> **Work instruction**
Write out exactly the lines from the one with "18619 W Lupine Ave - Photo 1 of 1" through the last line of the data below, but not the pictures.

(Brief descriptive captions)
======

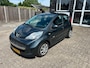 Peugeot 107 1.0-12V Millesim 200 5-drs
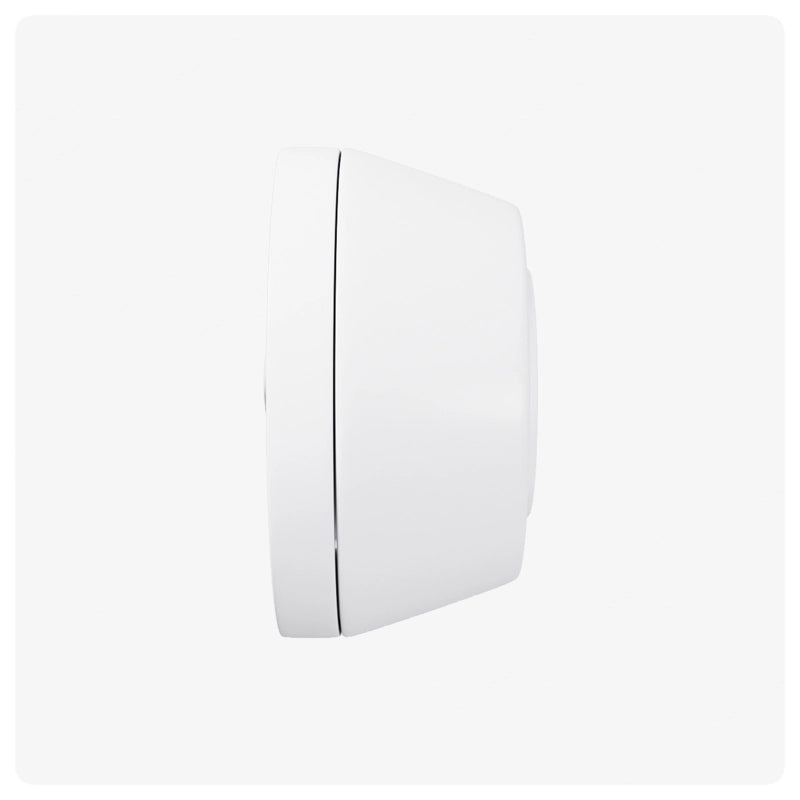 HALO 240V Presence Sensor - Ceiling Mounted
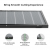 xTool P2 Honeycomb Panel (Сотовидная панель для P2)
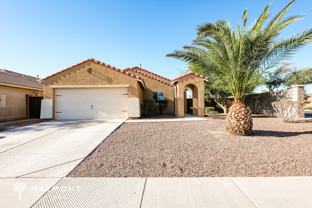18619 W Lupine Ave - Photo 1 of 1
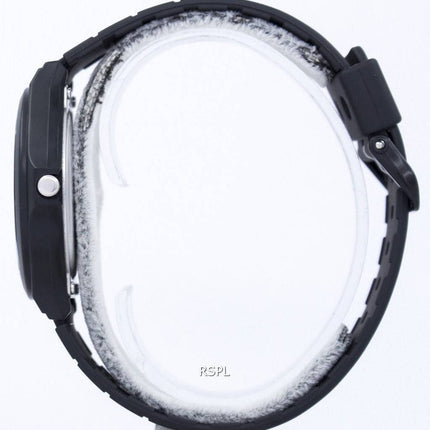 Montre Casio Quartz analogique MW-240-3BV masculin
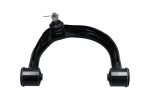 &Otilde;&otilde;tshoob, k&auml;&auml;ndmik Kavo Parts SCA-9098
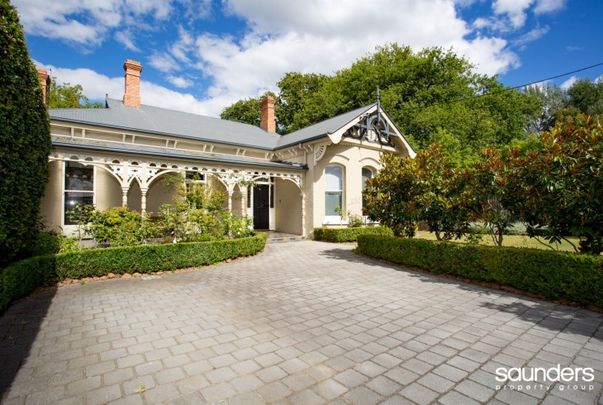 5 Claremont Street - Photo 1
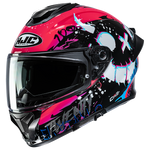 C71 FQ20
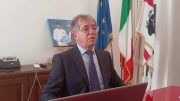 Settimo Nizzi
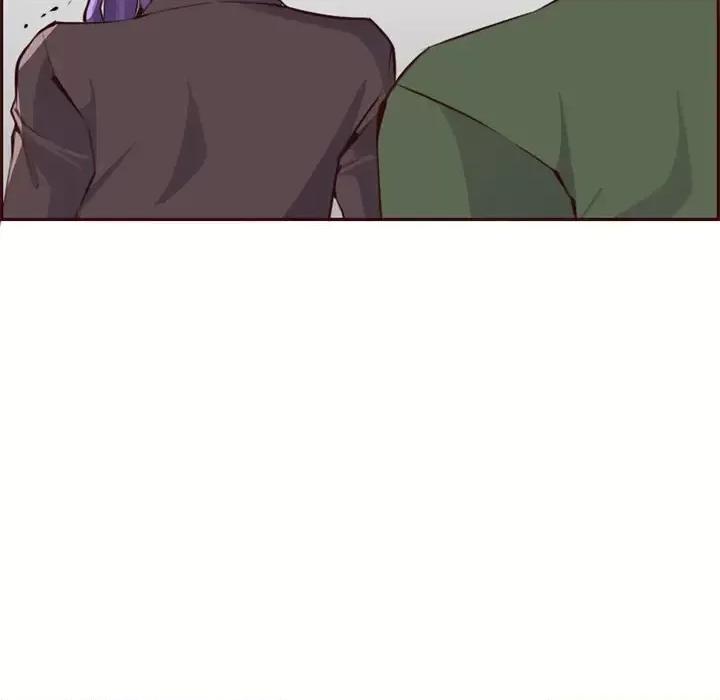 妈妈是女大学生 妈妈是女大学生第 100 话 第37页
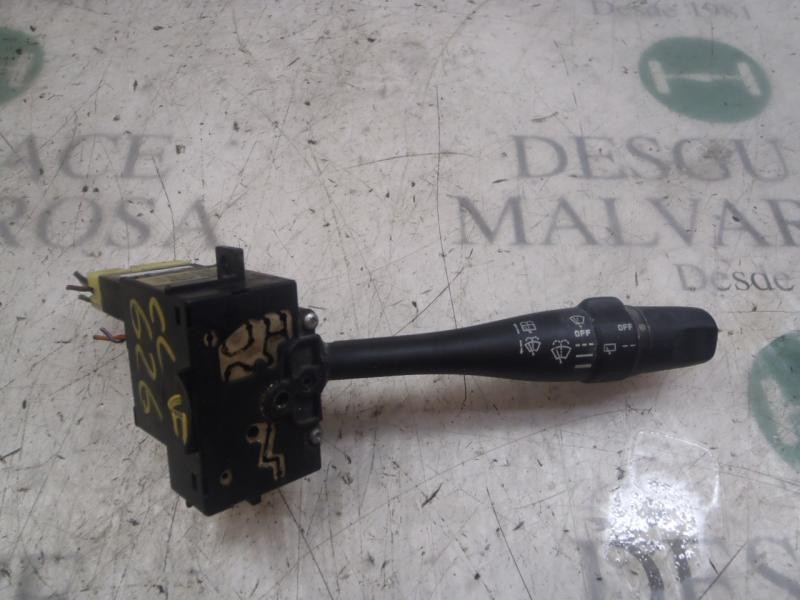 Recambio de mando limpia para nissan vanette cargo vanette cargo combi - 5 referencia OEM IAM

======

> **Solution to this exercise**
18619 W Lupine Ave - Photo 1 of 1
 Montre Casio Quartz analogique MW-240-3BV masculin
 &Otilde;&otilde;tshoob, k&auml;&auml;ndmik Kavo Parts SCA-9098
 5 Claremont Street - Photo 1
 C71 FQ20
 Settimo Nizzi
 妈妈是女大学生 妈妈是女大学生第 100 话 第37页
 Recambio de mando limpia para nissan vanette cargo vanette cargo combi - 5 referencia OEM IAM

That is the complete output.